Uit de stukken is onvoldoende duidelijk welk verwijt klager de medische dienst maakt omtrent de klachten aan zijn enkel. De klacht is onvoldoende onderbouwd. Uit het medisch dossier komt naar voren dat klager veelvuldig is gezien door de medische
dienst
en is verwezen voor fysiotherapie. Nu klager geen gebruik heeft gemaakt van de mogelijkheid zijn klacht ter zitting van de beroepscommissie toe te lichten, is het beroep ten aanzien van dit onderdeel van de klacht ongegrond.

b.
Op grond van artikel 29 eerste lid, van de Pm dient het verzoek om bemiddeling uiterlijk op de veertiende dag na die waarop het medisch handelen waartegen de klacht zich richt heeft plaatsgevonden te worden ingediend. Klager stelt dat de medische
dienst
heeft vergeten hem in te delen voor fysiotherapie. Het verzoek om bemiddeling dateert van 31 juli 2010. Uit het medisch dossier blijkt niet dat binnen voornoemde termijn van veertien dagen vóór 31 juli 2010 een afspraak bij fysiotherapie niet is
doorgegaan. Nu klager evenmin ter zitting van de beroepscommissie is verschenen om zijn klacht hieromtrent verder toe te lichten, kan klager wegens overschrijding van de klachttermijn niet in zijn klacht worden ontvangen.

c.
De beroepscommissie is van oordeel dat klager zijn klacht onvoldoende heeft onderbouwd.
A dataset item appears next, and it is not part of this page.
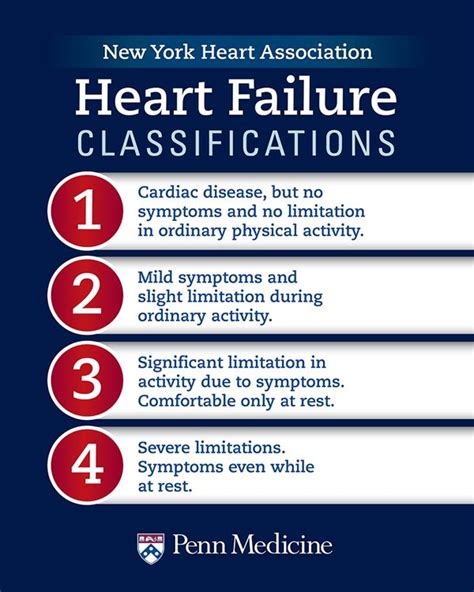 Signs Of End Stage Congestive Heart Failure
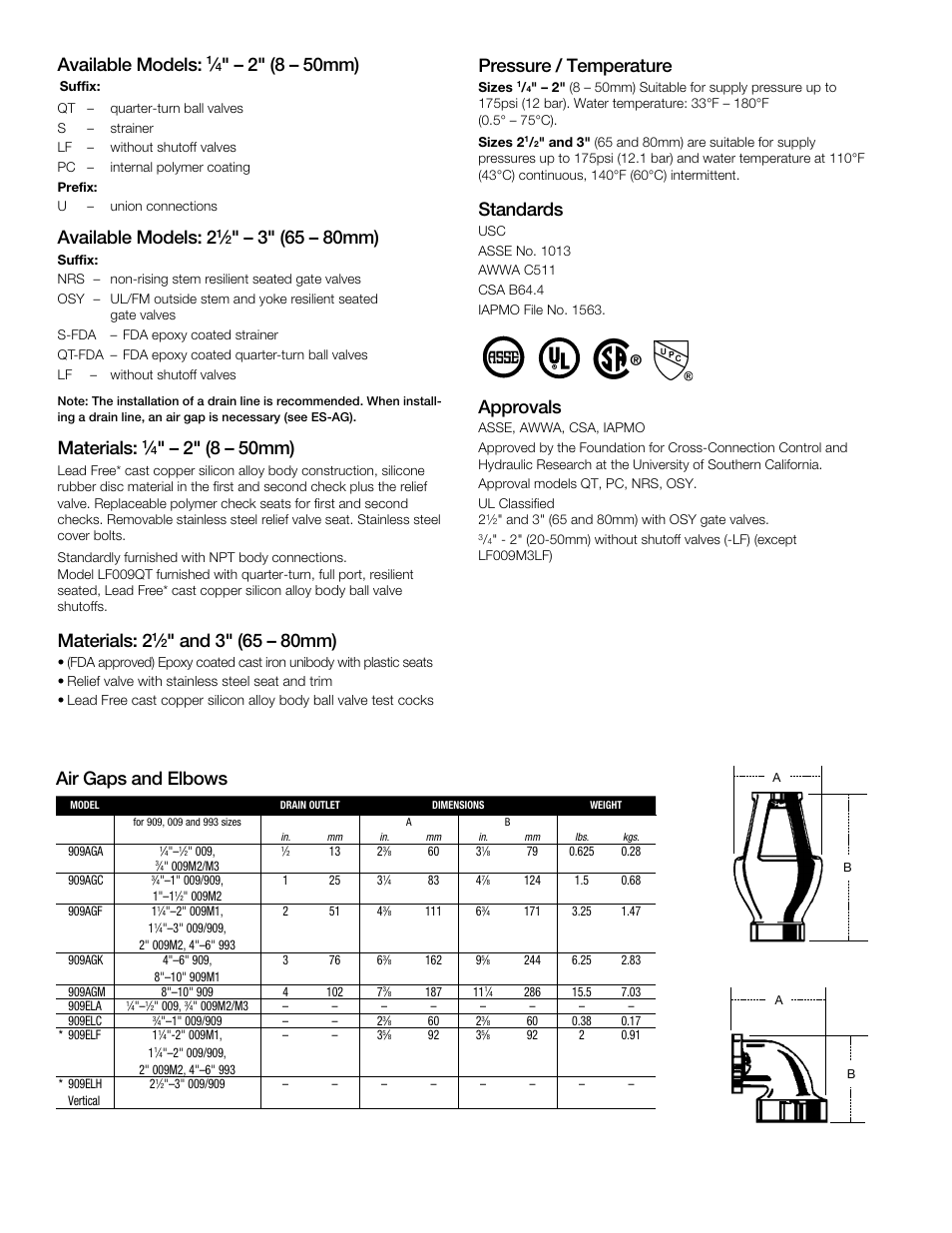 Available models, 2" (8 – 50mm), Available models: 2 | Materials, Materials: 2, Pressure / temperature, Standards, Approvals, Air gaps and elbows | Watts LF009 User Manual | Page 2 / 4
Zo heeft hij niet aannemelijk gemaakt dat hij na zijn bezoek aan het ziekenhuis op 6 januari 2010, zich na twee weken weer moest melden bij de chirurg. Klager is op
16 juli 2010 wederom door de plastisch chirurg gezien. Het medisch dossier vermeldt niets over de wens van de plastisch chirurg klager eerder te zien. Het beroep ten aanzien van dit onderdeel van de klacht zal derhalve ongegrond worden verklaard.

4. De uitspraak
De beroepscommissie verklaart het beroep ongegrond wat betreft de onderdelen a en c van de klacht.
Zij verklaart klager niet-ontvankelijk in onderdeel b van zijn klacht.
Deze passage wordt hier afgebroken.